PROBLEM DESCRIPTION:
Using the listing below, copy exactly each line from the one that has "Modern Age Tee" through the one that has "细长双眼皮贴小内双教程,最全双眼皮贴教程"; omit the pictures.

DATA RECORDS:

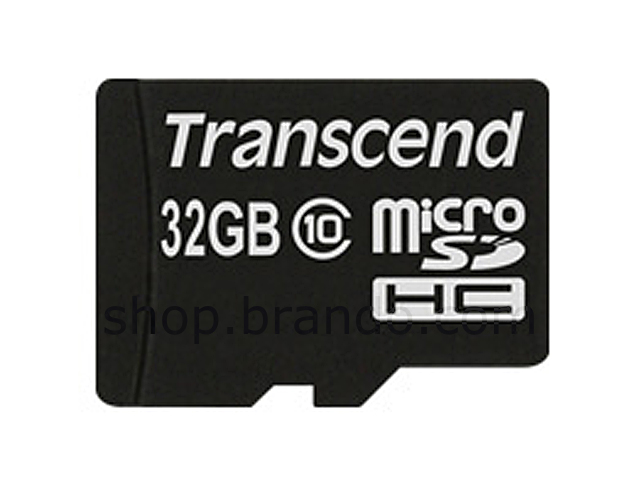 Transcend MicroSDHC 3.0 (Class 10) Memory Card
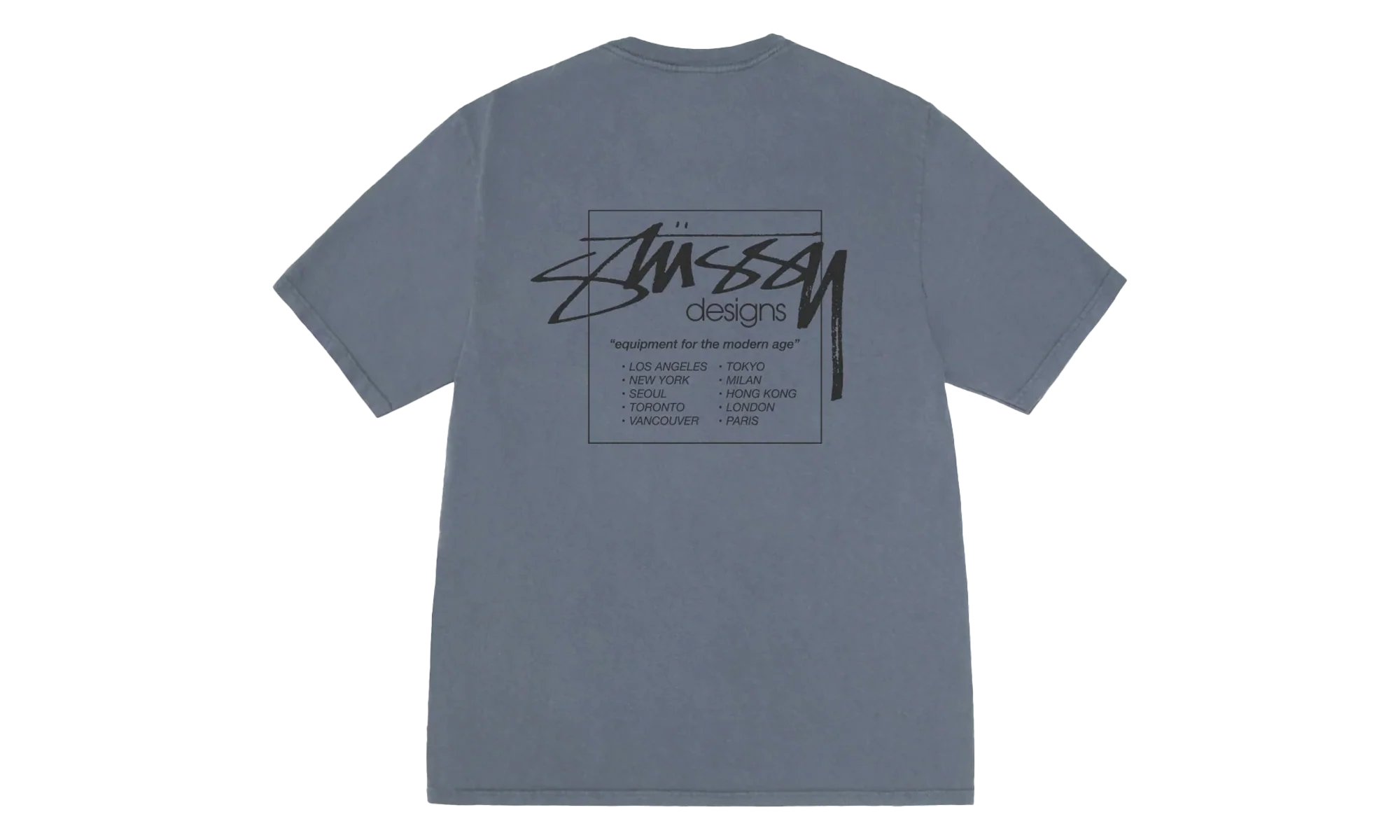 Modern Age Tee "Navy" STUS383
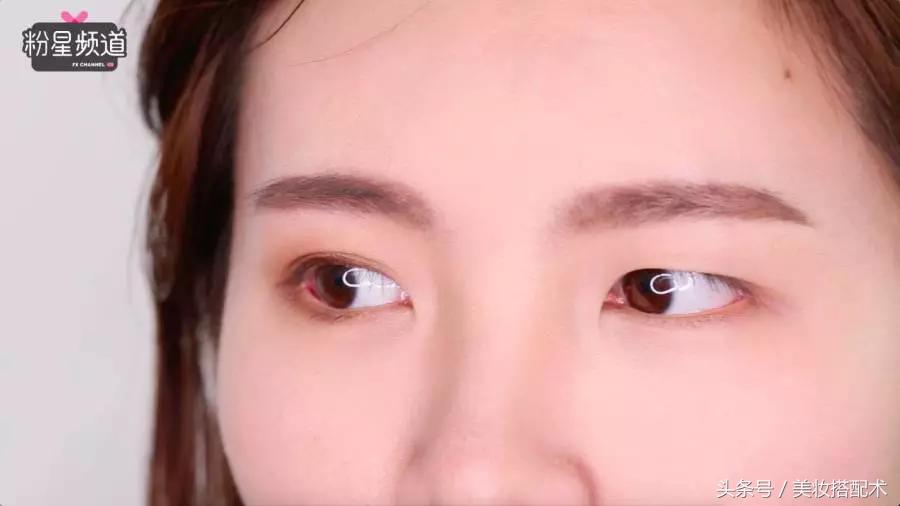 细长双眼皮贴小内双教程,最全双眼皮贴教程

--

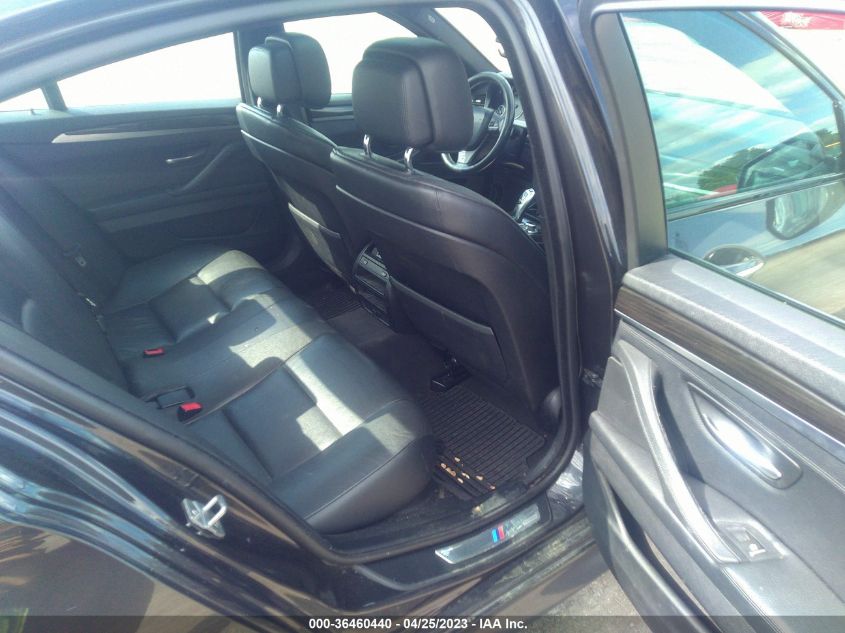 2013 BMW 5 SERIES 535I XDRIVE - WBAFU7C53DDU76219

SOLUTION FOR THIS TASK:
 Modern Age Tee "Navy" STUS383
 细长双眼皮贴小内双教程,最全双眼皮贴教程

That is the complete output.